Figure 6: Data serialization for Python script

We're going to use a Flat File Writer component to transform our data from a columnar format to a single discrete record for processing in Python.

Figure 7: Serialization to component's output port

From there, we're going to utilize my Python Script using a Subgraph that I've built.

Python interpretter as Subgraph — Figure 8: Python interpreter as Subgraph

Subgraphs in CloverDX allow you to wrap business logic (like a piece of python data analysis in our case) in a reusable format that you can share within your team or organization.

Implementation of Python interpretter — Figure 9: Implementation of Python interpreter

In this example, we're using an Execute Script component to call out to my Python script.

Within this component, we can run any script (including Python). We can either paste our script directly into the “Script” input box or we can provide the URL of our .py file in the “ScriptURL” box. We can also parameterize all of these inputs to dynamically call on different data sources and analysis processes from a single graph.

Figure 10: Python interpreter configuration

Our script is going to be called on the incoming stdin input. The Python script looks like this:

import sys
import pandas as pd
import numpy as np

sales = pd.read_csv(sys.stdin)
report = sales.pivot_table(
	values = ['ext price', 'quantity'],
    index = ['Account Name'], 
    columns = ['category'], 
    fill_value = 0, 
    aggfunc = np.sum
)
report.to_csv(sys.stdout, index = True, header = False, line_terminator = '\n')

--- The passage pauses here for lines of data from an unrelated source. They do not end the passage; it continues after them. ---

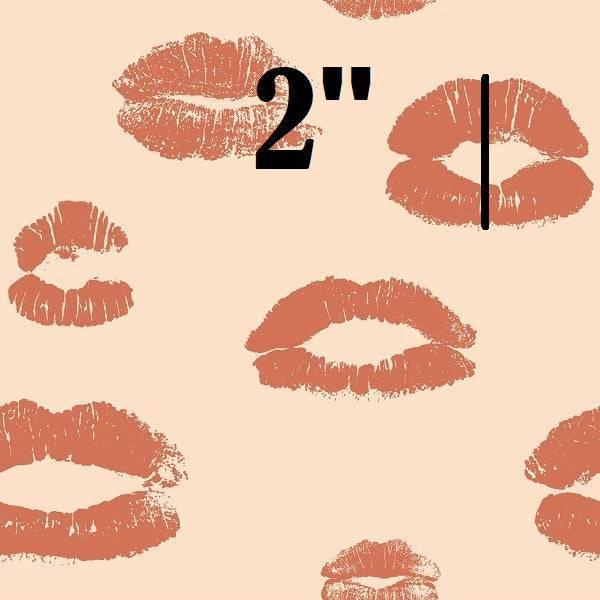 Indy Bloom Fabric Infatuated Valentine Kiss me in Nude 05 – pre-order designer fabric Australia | Fabric by Missy Rose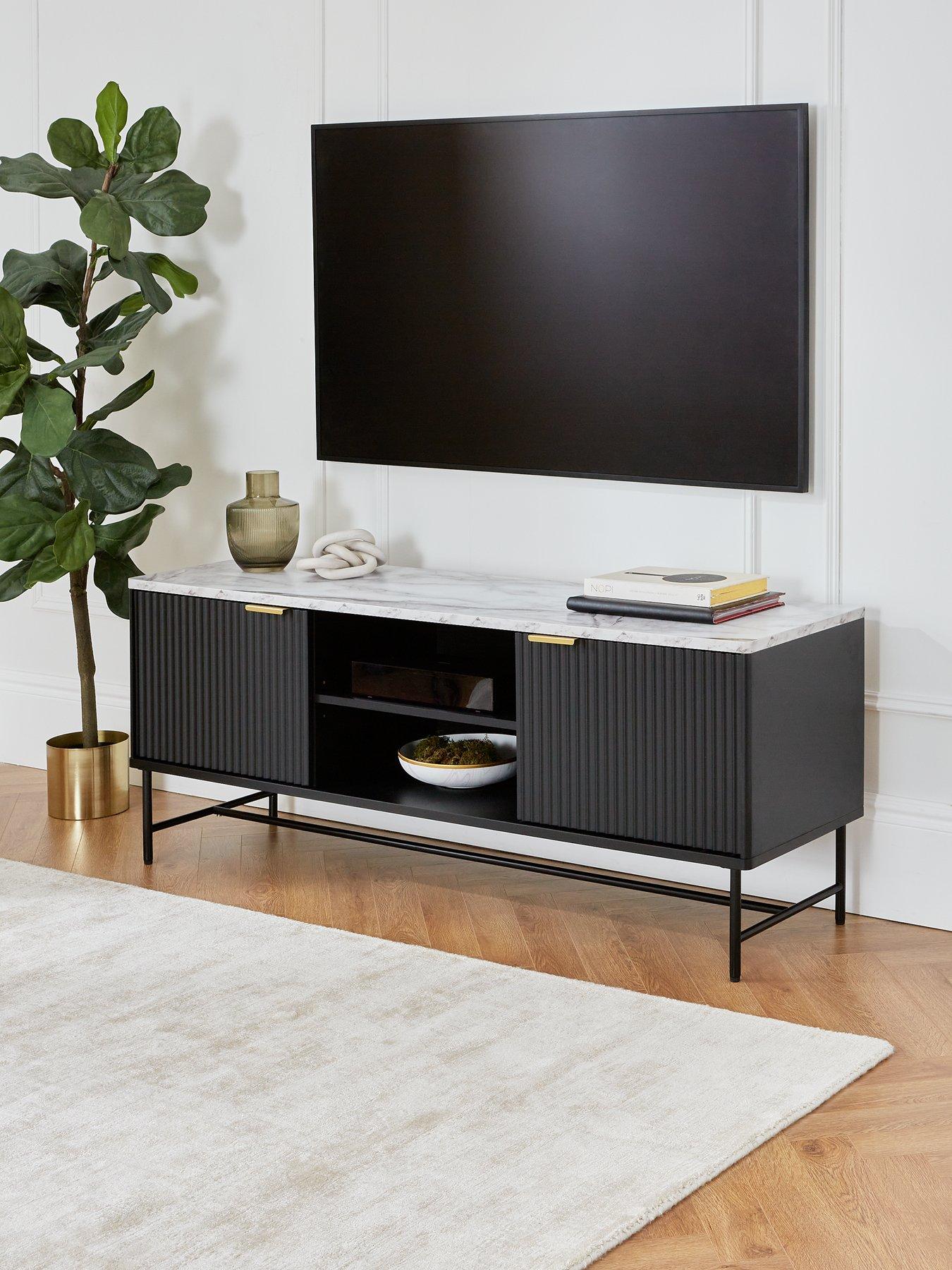 The Very Collection Lucero TV Unit - fits up to 60 inch TV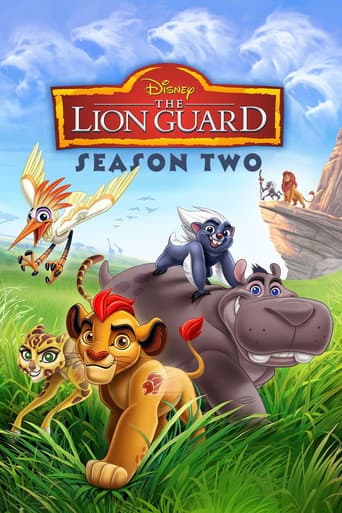 Poster for Season 2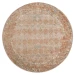 Amer Eternal ETE-16 Pierson Beige Rug 6 ft. 7 in. X 6 ft. 7 in.R Round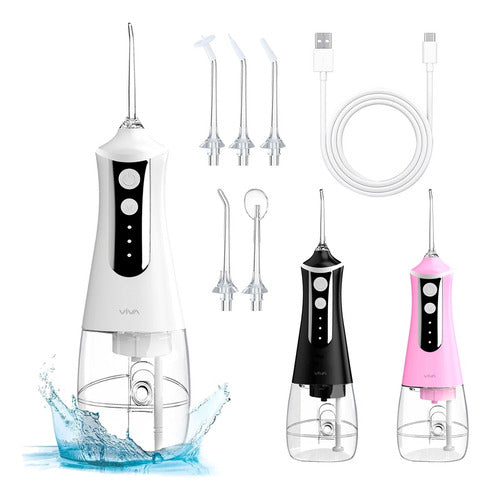 Irrigador Oral Premium Jet Pro | Chega de dificuldades na hora de cuidar da sua saúde bucal!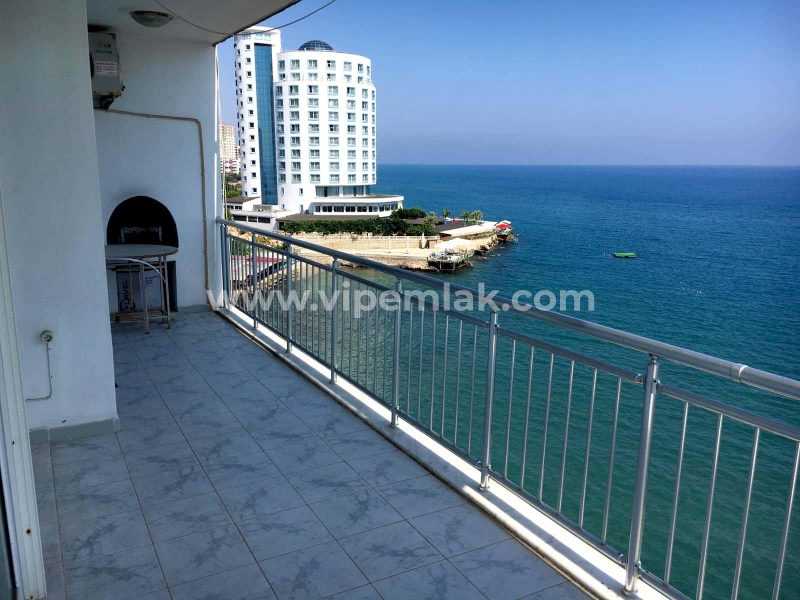 AYAŞ LEBİDERYA SATILIK MASRAFSIZ EŞYALI 3+1 DAİRE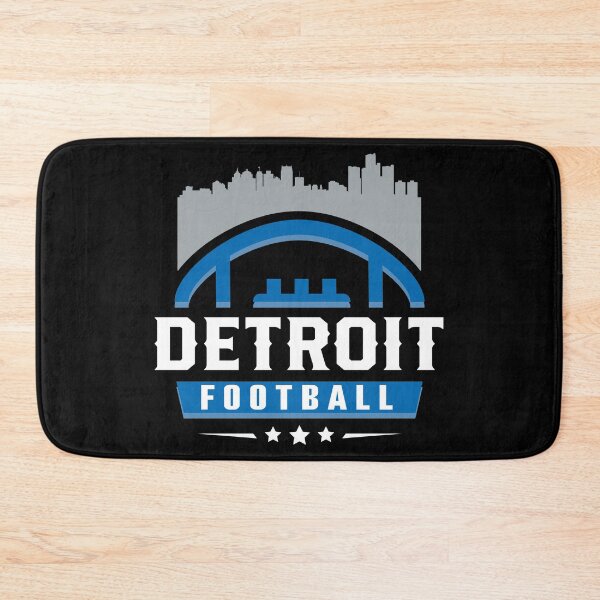 Item preview, Classic Detroit Football Stars City Skyline designed and sold by toutwearapparel.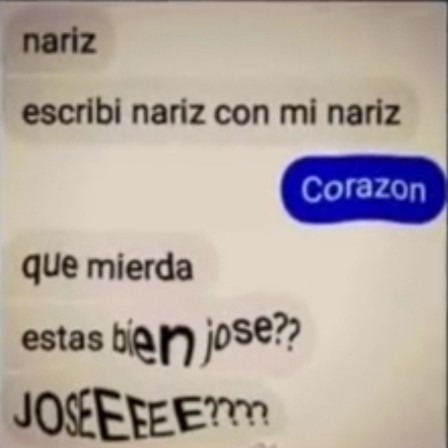 José? - meme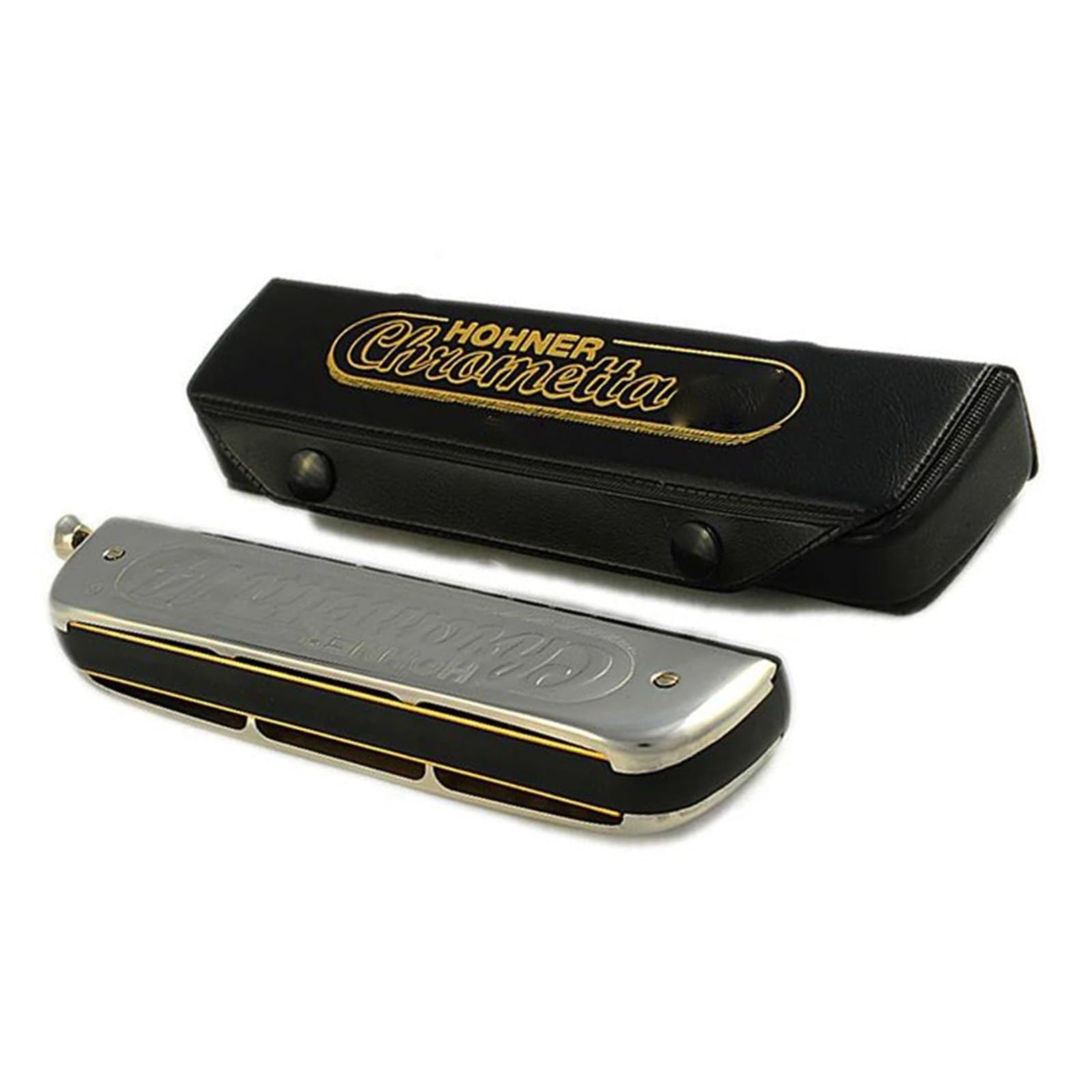 Harmonijka 257 Harmonijka Chromatyczna 14 Otworów ABS Grzebień Armonica Ogans Do Ust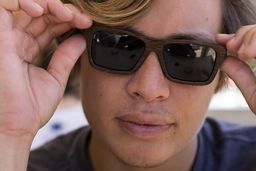 Classic Bamboo Sunglasses
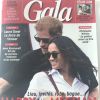 Magazine "Gala", en kiosques mercredi 1er novembre 2017.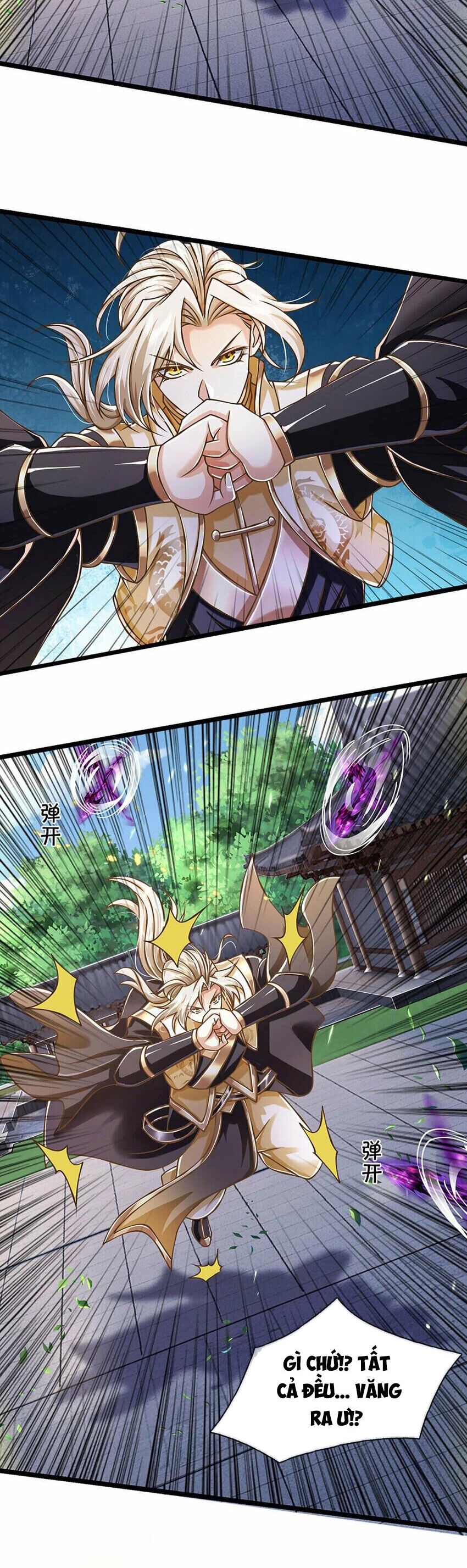 Lựa Chọn Thần Cấp: Ta Không Theo Sáo Lộ Mạnh Lên Chapter 66 - 8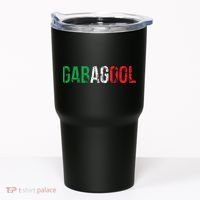 Gabagool Capicola Meat New Jersey Italian Pride Gift Tumbler thumb 0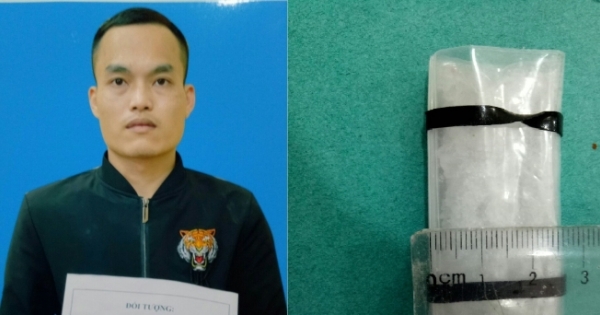 Bộ đội Biên phòng TP Hải Phòng bắt giữ đối tượng tàng trữ trái phép chất ma túy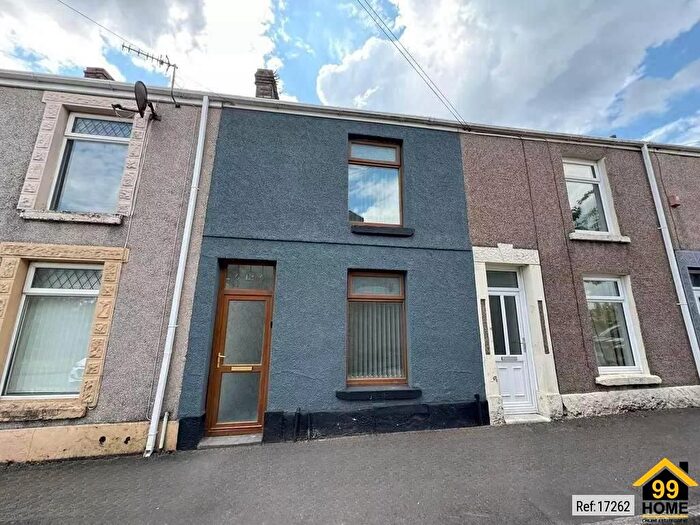 3 Bedroom Terraced House To Rent In Washington Street, Swansea, Wales, SA1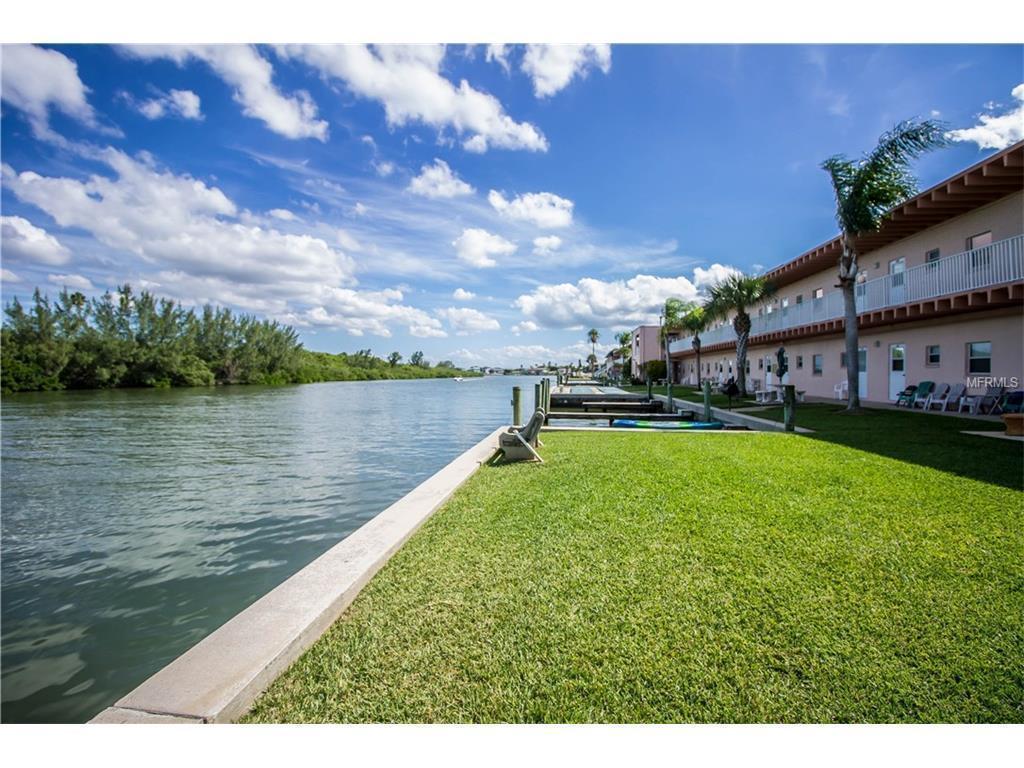 Belleview Gulf Condos Clearwater Beach Exterior photo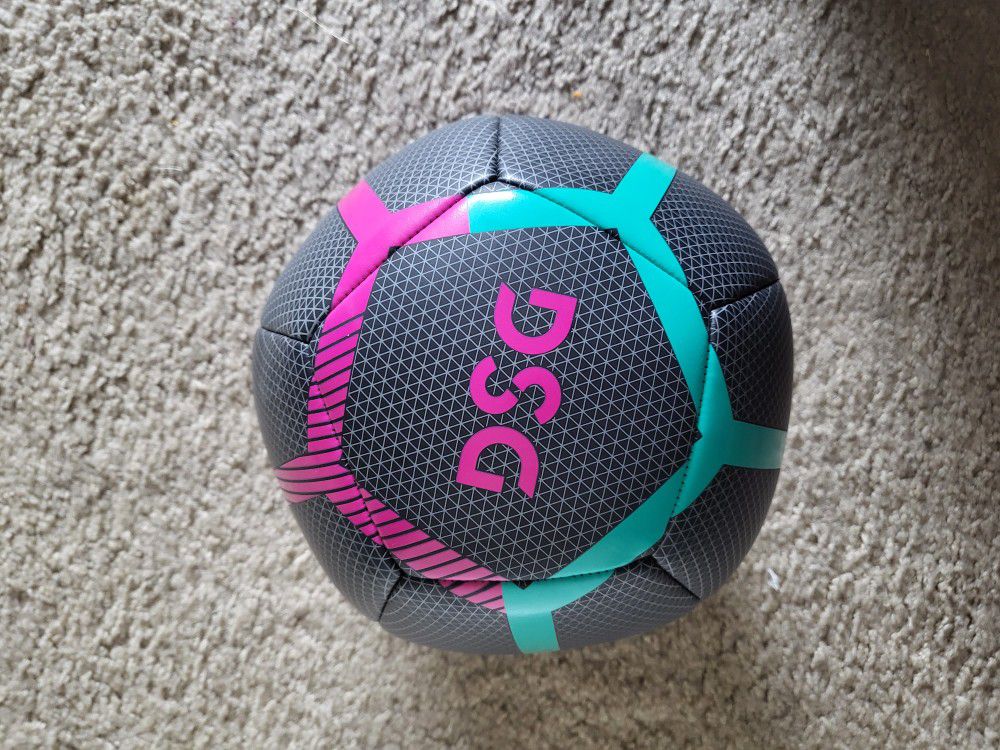 DSG Size 5 Soccer ball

The resulting analysis from our script is going to go the the output port of our subgraph and out back into our original graph.

Now that we've set up our Subgraph, let's go back to the graph level to add some finishing touches.

Our subgraph output is going to be a single continuous string in Python StdIn format. We’re going to run it through a Flat File Reader to normalize it into a columnar form that’s easier to digest in the form of a business report.